Work request:
Go through the data below. List every line that holds the word "Chevrolet".
(Data records)
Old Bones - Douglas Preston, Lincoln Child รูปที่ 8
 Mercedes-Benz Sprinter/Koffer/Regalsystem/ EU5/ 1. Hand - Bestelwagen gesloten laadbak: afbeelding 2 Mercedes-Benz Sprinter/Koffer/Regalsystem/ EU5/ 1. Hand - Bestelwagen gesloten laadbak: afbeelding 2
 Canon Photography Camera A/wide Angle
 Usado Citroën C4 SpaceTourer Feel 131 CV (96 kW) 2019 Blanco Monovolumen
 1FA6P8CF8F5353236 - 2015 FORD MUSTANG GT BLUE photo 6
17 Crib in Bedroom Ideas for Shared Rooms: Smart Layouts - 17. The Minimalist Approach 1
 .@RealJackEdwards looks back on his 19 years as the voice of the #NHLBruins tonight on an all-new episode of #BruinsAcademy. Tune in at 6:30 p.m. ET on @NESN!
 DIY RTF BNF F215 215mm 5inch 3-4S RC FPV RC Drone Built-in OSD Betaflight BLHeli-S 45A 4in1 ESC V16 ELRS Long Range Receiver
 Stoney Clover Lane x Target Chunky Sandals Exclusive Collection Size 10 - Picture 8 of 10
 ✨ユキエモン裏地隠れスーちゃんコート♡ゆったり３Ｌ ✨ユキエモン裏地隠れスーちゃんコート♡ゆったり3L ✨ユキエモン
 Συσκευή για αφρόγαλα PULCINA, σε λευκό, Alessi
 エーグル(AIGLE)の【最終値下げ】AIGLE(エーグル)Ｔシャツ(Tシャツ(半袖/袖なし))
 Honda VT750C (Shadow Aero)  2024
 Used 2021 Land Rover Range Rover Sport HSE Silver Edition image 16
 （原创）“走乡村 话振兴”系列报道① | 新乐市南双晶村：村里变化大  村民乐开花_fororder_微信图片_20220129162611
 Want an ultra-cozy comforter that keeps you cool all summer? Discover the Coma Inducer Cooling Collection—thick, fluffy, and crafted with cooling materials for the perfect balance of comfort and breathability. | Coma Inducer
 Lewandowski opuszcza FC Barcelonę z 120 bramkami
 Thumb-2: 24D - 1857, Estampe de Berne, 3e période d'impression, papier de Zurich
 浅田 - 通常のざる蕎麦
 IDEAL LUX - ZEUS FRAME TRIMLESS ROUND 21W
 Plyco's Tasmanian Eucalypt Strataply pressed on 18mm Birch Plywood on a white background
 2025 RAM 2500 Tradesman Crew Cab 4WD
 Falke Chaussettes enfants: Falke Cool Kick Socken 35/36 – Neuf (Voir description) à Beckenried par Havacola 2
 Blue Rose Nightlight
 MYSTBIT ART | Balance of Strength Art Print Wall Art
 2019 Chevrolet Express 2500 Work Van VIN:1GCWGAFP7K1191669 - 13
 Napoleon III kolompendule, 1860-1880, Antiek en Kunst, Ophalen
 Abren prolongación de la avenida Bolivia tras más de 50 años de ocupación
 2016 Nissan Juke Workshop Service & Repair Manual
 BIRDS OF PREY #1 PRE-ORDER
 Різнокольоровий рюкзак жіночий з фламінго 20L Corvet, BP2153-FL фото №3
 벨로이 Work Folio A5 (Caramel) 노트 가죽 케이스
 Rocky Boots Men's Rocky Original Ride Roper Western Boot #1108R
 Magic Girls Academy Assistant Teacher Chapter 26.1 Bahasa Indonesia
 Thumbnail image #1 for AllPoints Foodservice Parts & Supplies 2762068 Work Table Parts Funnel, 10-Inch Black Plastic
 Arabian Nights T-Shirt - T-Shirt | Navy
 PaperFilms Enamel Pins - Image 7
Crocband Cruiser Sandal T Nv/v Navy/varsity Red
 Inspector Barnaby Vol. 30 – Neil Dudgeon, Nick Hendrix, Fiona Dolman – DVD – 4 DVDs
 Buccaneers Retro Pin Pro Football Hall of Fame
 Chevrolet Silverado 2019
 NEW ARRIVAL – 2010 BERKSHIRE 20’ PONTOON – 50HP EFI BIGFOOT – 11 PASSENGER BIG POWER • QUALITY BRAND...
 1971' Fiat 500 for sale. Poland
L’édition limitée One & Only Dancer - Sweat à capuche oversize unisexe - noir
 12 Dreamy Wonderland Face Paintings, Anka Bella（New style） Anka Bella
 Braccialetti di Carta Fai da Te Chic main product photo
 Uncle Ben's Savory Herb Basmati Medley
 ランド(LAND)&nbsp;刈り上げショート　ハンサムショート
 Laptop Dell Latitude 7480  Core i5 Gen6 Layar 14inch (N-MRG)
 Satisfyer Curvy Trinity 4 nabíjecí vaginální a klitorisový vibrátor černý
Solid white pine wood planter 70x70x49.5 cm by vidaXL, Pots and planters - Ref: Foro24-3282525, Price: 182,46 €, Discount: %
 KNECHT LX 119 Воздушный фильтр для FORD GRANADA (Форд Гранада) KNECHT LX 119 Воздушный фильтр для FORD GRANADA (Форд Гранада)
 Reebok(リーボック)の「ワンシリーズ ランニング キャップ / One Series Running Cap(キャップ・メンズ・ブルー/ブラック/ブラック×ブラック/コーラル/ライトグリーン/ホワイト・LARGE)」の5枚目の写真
(End Data records)
Task answer:
 2019 Chevrolet Express 2500 Work Van VIN:1GCWGAFP7K1191669 - 13
 Chevrolet Silverado 2019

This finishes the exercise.